APPEAL from the Circuit Court of Kane County; the Hon. JOHN S.
PETERSEN. Judge, presiding.
MR. JUSTICE EAGLETON DELIVERED THE OPINION OF THE COURT:
Willie Frank Glover, the defendant-appellant, was indicted for the offense of armed robbery. At a trial in Kane County before the Honorable John S. Petersen, he was found guilty by a jury and was sentenced to 5 to 20 years. In this appeal, he presents three issues:
1. Whether the evidence presented by the State was sufficient to prove the defendant guilty beyond a reasonable doubt;
2. Whether incompetent evidence before the court during the hearing on aggravation and mitigation prejudiced the defendant; and
3. Whether defendant's sentence violates provisions of the Unified Code of Corrections and should be reduced?
On January 9, 1972, between the hours of 10:30 and 11 P.M., a black man entered Shannon's Tavern in Montgomery, Illinois, sat at the far end of the bar, and got a drink. There were 12 to 14 other people in the bar and one bartender. Seconds later two black men entered, one with a shotgun, and ordered everybody on the floor. The first black man who had entered then jumped off of his stool, pulled a pistol and said, "You hear what he said." Wallets were taken from three men and a purse was taken from one woman.
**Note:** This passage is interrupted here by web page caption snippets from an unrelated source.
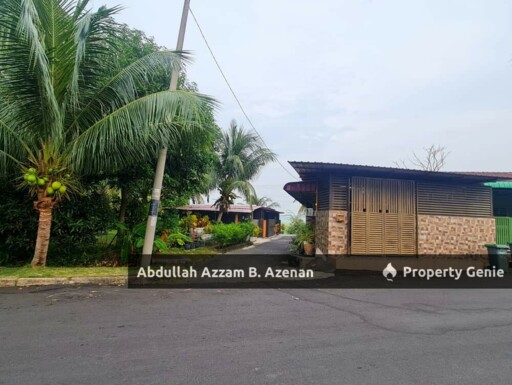 TAMAN SERAI WANGI END LOT - VILLAGE VIBE - BELOW MARKET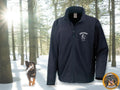Blaue Fleecejacke vor winterlichem Wald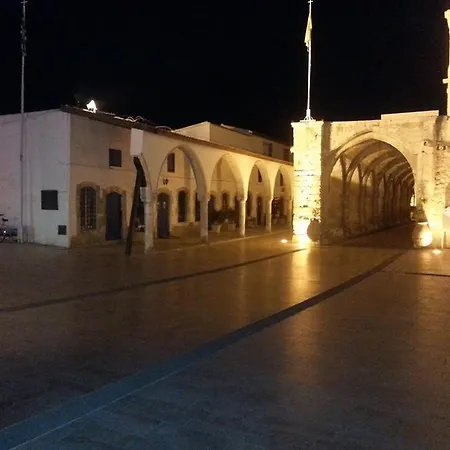 Διαμέρισμα 103 Elegant 2 Bed With Free Wifi, Ac, Pool & Gym! Λάρνακα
Two men were put in the beer cooler and at least two of the men in the bar and the bartender were struck on the head. One man had a cerebral concussion, lacerations and contusions. Five or six minutes after all three black men left, one of the women in the bar got up, let the men out of the cooler and called the police.
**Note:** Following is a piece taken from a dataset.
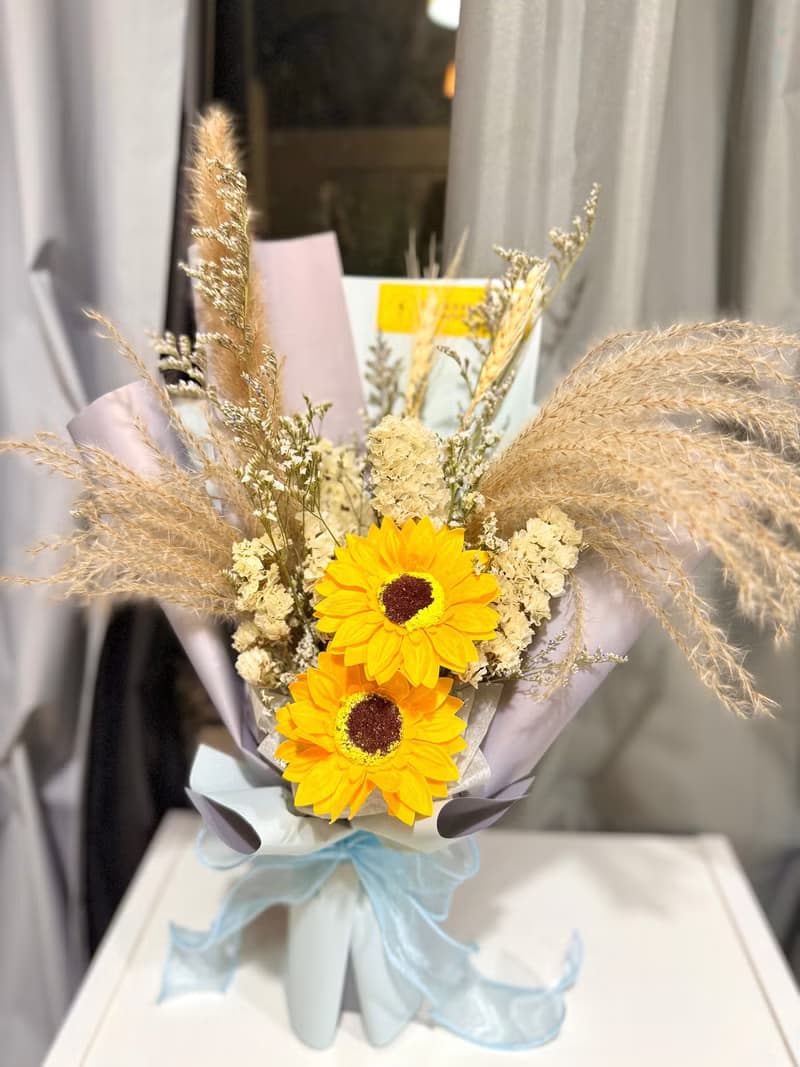 灰藍向日葵花束 (m size)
Defendant in the meantime had been waiting outside the tavern in his car with the motor running. One of the three black men, Ronald Watkins, the State's principal witness, testified that defendant had assisted in the planning of the offense and that he received a portion of the proceeds. Defendant himself denied all knowledge of the events which transpired inside of the tavern, asserting that he was only waiting in the car while one of the three men, Mr. Harston, bought a bottle of liquor. He further asserted that he became ill from drinking alcohol and "puked up" while waiting in the car for the others. When the three men emerged from the tavern they entered defendant's car, Harston told him to "take off," and they were driven away by him. The defendant drove his car around a curve and slid into something which damaged a wheel of his car. He then drove to the nearby apartment of the girl friend of the other man in the car, defendant's brother-in-law, Charles Passley. From there one Gus Williams was called and Williams picked the four men up and drove them to the defendant's house where the money was divided. Defendant told police and testified that he took no part in the division of the proceeds, but did see the other three with wallets, purses and money later at his house.
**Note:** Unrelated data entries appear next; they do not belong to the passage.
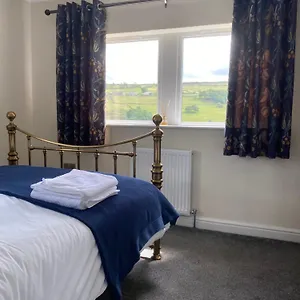 https://holme-valley-vista-holmfirth.yorkshirehotels.net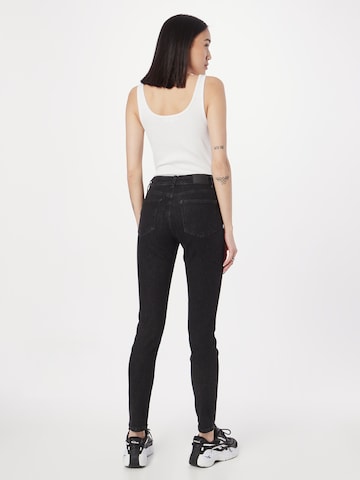 PULZ Jeans Slimfit Jeansy 'JOY' w kolorze czarny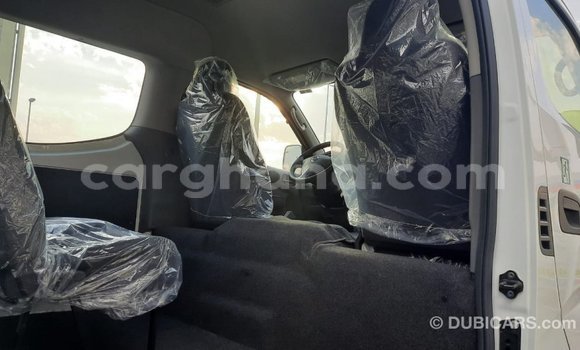 Buy Import Nissan Urvan White Car in Import - Dubai in Ashanti Buy Import Nissan Urvan White Car in Import - Dubai in Ashanti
During the month of February 1972 witnesses at the tavern went to the Aurora Police Department to view photographs of possible suspects. Three of them identified Charles Passley; one identified Ronald Watkins; and two identified O.Z. Harston. No witness who had been inside the tavern identified the defendant as a participant.
Defendant argues that there was insufficient proof of an essential element of guilt, namely, proof of a specific intent "to promote or facilitate" as required by section 5-2 of the Criminal Code (Ill. Rev. Stat. 1973, ch. 38, par. 5-2). To support this proposition he characterizes the accomplice testimony of Ronald Watkins as "uncorroborated." The record does not support such a characterization. Indeed, the defendant himself corroborates substantial portions of Watkins' testimony. The essential disagreements between their respective versions of the night's activities were whether the defendant participated in planning the crime, had prior knowledge of what the other three actually intended to do in the tavern, and shared in the loot.
• 1 It is well settled that the court may review all the evidence to determine whether it shows the guilt of the defendant beyond a reasonable doubt; and where the record leaves the court with a grave and substantial doubt of the guilt of the defendant, judgment will be reversed. (People v. Lewellen, 43 Ill.2d 74, 78, 250 N.E.2d 651 (1969); People v. Willson, 401 Ill. 68, 73, 81 N.E.2d 485 (1948).) It is also well settled that certain questions, such as the weight of disputed evidence and the credibility of witnesses, are peculiarly within the province of a properly instructed jury. It is neither the duty nor the privilege of a reviewing court to substitute its judgment as to the weight of disputed evidence or the credibility of witnesses for that of the triers of fact, and we cannot reverse a criminal conviction unless the evidence is so improbable as to raise a reasonable doubt of guilt. People v. Nicholls, 44 Ill.2d 533, 540, 256 N.E.2d 818 (1970); People v. Novotny, 41 Ill.2d 401, 412, 244 N.E.2d 182 (1968).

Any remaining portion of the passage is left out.